COLUMBUS, Ohio – Caring for a wife with breast cancer can have a measurable negative effect on men's health, even years after the cancer diagnosis and completion of treatment, according to recent research.
Men who reported the highest levels of stress in relation to their wives' cancer were at the highest risk for physical symptoms and weaker immune responses, the study showed.
The researchers sought to determine the health effects of a recurrence of breast cancer on patients' male caregivers, but found that how stressed the men were about the cancer had a bigger influence on their health than did the current status of their wives' disease.
The findings imply that clinicians caring for breast cancer patients could help their patients by considering the caregivers' health as well, the researchers say.
This care could include screening caregivers for stress symptoms and encouraging them to participate in stress management, relaxation or other self-care activities, said Sharla Wells-Di Gregorio, lead author of the study and assistant professor of psychiatry and psychology at Ohio State University.
"If you care for the caregiver, your patient gets better care, too," said Kristen Carpenter, a postdoctoral researcher in psychology at Ohio State and a study co-author.
The research is published in a recent issue of the journal Brain, Behavior and Immunity.
Thirty-two men participated in the study, including 16 whose wives had experienced a breast cancer recurrence an average of eight months before the study began and approximately five years after the initial cancer diagnosis. These men were matched with 16 men whose wives' cancers were similar, but who remained disease-free about six years after the initial diagnosis.
The participants completed several questionnaires measuring levels of psychological stress related to their wives' cancers, physical symptoms related to stress, and the degree to which fatigue interfered with their daily functioning. Researchers tested their immune function by analyzing white-blood-cell activation in response to three different types of antigens, or substances that prompt the body to produce an immune response.
The men's median age was 58 years and they had been married, on average, for 26 years. Almost all of the participants were white.
In general, the men whose wives had experienced a recurrence of cancer reported higher levels of stress, greater interference from fatigue and more physical symptoms, such as headaches and abdominal pain, than did men whose wives had remained disease-free.
The subjective stress assessment used in the study, called the Impact of Events Scale, measures intrusive experiences and thoughts, as well as attempts to avoid people and places that serve as painful reminders. The scale produces a score between 0 and 75; in this case, the higher the score, the more stressed the men were in relation to their wives' cancer.

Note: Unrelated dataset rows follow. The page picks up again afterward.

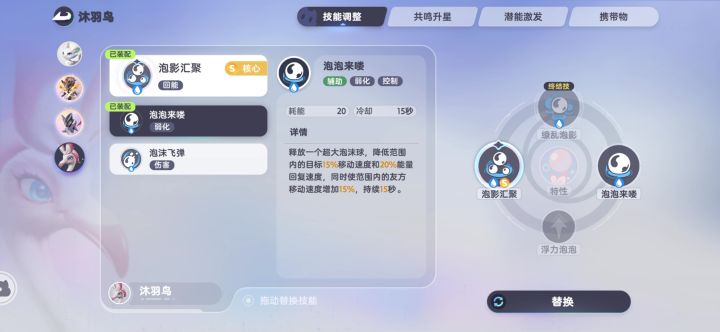 回能特别快截图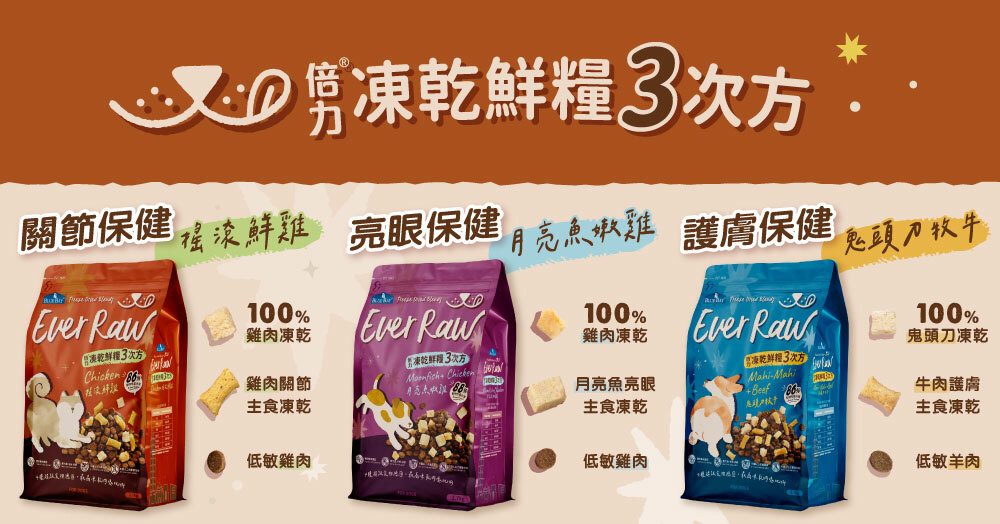 凍乾三次方x搖滾鮮雞x月亮魚嫩雞x鬼頭刀牧牛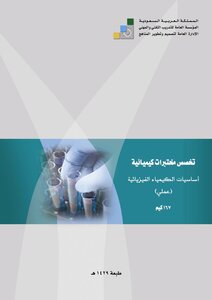Fundamentals Of Physical Chemistry - Practical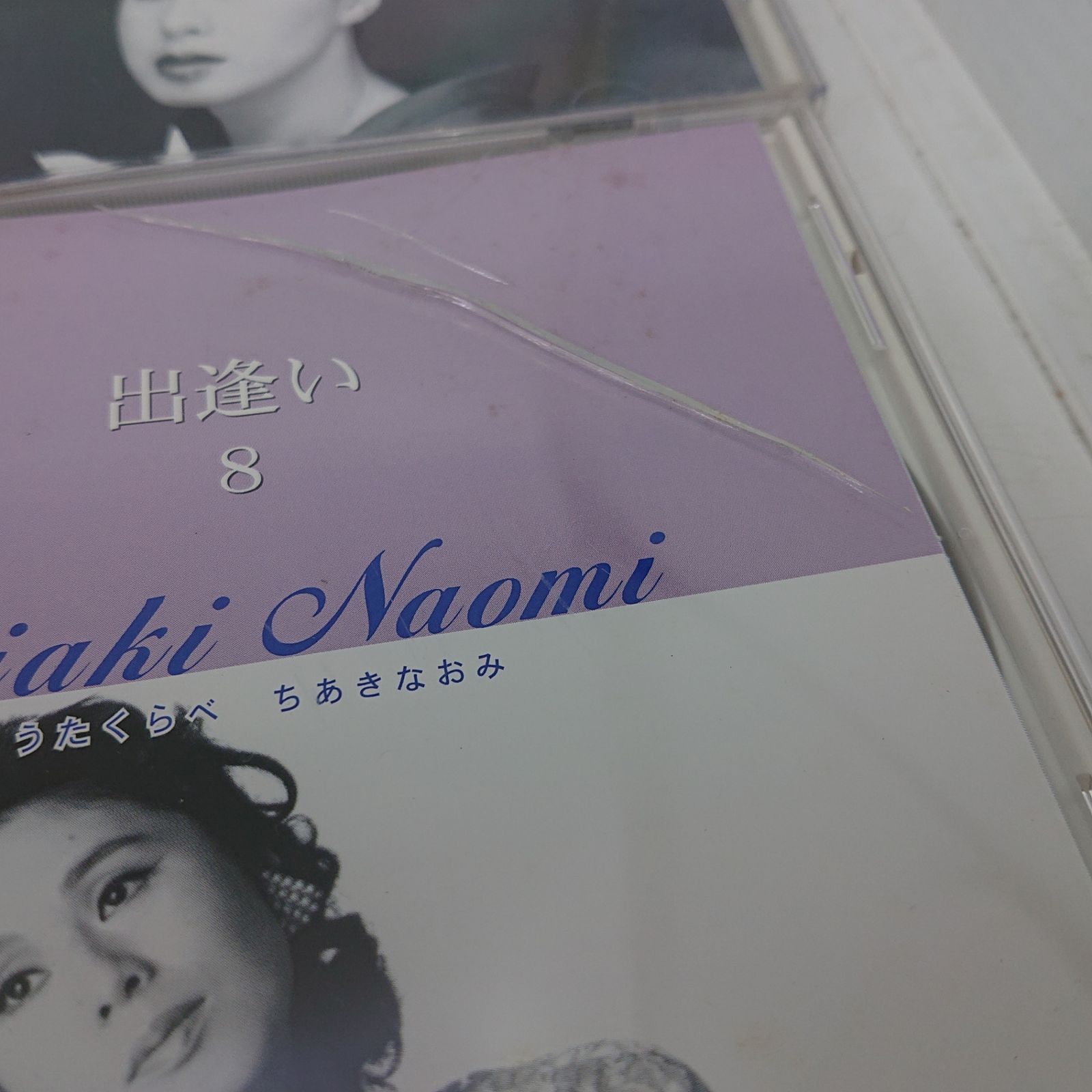 全巻セット】うたくらべ ちあきなおみ CD全10枚組 2608czth12 - メルカリ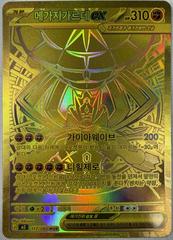 Mega Zygarde ex #117 from Pokemon Korean Nihil Zero set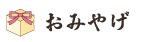 おみやげ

Overall, the men in the study produced an average score of 17.59. Men whose wives' cancer had recurred scored 26.25 as a group, and men whose wives were disease-free scored 8.94. According to the scale, scores above nine suggest a likely effect from the events, and scores between 26 and 43 indicate an event has had a powerful effect on a person's stress level. Scores over 33 suggest clinically significant distress.
"The scores reported here are quite high, substantially higher than we see in our cancer patient samples outside the first year," Carpenter said. "Guilt, depression, fear of loss – all of those things are stressful. And this is not an acute stressor that lasts a few weeks. It's a chronic stress that lasts for years."
The participants also reported, on average, a total of approximately seven stress-related physical symptoms. Men with wives with recurrent cancer reported nine symptoms, on average, and those whose wives were disease-free reported fewer than five symptoms, on average. These symptoms varied, but included headaches, gastrointestinal problems, coughing and nausea.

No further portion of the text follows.